> [What you should do] Tally the lines of the records that contain the string "Leather", then give the total and nothing more.

> [Record excerpts]
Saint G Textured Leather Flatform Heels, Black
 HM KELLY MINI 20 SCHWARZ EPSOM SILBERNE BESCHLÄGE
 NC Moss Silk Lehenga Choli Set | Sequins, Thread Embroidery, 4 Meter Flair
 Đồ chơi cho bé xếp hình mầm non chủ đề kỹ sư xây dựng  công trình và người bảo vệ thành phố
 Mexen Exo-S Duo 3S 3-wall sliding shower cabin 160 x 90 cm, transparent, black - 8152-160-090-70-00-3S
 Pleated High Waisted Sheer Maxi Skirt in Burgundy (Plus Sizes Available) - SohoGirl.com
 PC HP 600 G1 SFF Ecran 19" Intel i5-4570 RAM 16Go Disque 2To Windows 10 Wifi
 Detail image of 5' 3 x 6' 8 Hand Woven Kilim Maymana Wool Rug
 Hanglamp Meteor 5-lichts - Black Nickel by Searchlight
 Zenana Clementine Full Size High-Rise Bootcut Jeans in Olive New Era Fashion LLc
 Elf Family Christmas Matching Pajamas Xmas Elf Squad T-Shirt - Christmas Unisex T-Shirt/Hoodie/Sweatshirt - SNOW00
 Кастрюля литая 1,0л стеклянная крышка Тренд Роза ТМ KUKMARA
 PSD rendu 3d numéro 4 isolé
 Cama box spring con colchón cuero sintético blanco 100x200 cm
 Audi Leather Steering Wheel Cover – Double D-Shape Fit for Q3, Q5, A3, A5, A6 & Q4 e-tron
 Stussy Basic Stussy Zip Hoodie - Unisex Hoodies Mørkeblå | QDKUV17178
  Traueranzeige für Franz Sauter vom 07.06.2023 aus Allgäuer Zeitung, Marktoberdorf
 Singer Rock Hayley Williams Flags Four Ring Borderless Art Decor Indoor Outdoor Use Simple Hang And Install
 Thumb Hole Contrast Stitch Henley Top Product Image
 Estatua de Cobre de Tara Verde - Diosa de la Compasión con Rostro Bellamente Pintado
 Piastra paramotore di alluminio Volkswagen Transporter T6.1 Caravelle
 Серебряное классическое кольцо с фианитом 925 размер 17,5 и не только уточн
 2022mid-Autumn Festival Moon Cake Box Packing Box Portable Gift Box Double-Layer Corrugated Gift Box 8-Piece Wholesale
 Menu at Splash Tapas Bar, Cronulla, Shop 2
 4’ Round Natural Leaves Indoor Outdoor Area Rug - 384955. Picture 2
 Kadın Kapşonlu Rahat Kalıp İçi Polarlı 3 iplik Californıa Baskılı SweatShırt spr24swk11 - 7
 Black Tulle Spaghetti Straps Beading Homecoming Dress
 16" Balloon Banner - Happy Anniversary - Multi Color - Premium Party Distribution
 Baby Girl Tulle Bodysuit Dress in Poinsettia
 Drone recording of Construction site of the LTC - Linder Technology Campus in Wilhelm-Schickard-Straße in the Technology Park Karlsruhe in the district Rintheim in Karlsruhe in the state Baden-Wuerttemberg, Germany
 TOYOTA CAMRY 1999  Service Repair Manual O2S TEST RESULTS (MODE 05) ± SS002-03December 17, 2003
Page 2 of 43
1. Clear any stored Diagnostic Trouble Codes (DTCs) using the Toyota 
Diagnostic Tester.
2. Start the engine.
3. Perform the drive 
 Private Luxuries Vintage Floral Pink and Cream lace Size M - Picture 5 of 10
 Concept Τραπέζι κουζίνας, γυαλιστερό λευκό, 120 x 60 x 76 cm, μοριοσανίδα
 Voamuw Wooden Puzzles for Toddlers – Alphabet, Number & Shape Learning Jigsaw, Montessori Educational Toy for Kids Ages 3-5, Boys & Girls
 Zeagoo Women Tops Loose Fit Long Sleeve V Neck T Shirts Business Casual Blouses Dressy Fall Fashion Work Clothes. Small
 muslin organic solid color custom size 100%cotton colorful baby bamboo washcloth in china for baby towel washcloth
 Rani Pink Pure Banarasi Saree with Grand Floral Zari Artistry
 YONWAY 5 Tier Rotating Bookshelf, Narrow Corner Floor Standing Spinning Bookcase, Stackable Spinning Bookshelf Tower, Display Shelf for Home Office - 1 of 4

> [Your solution] 2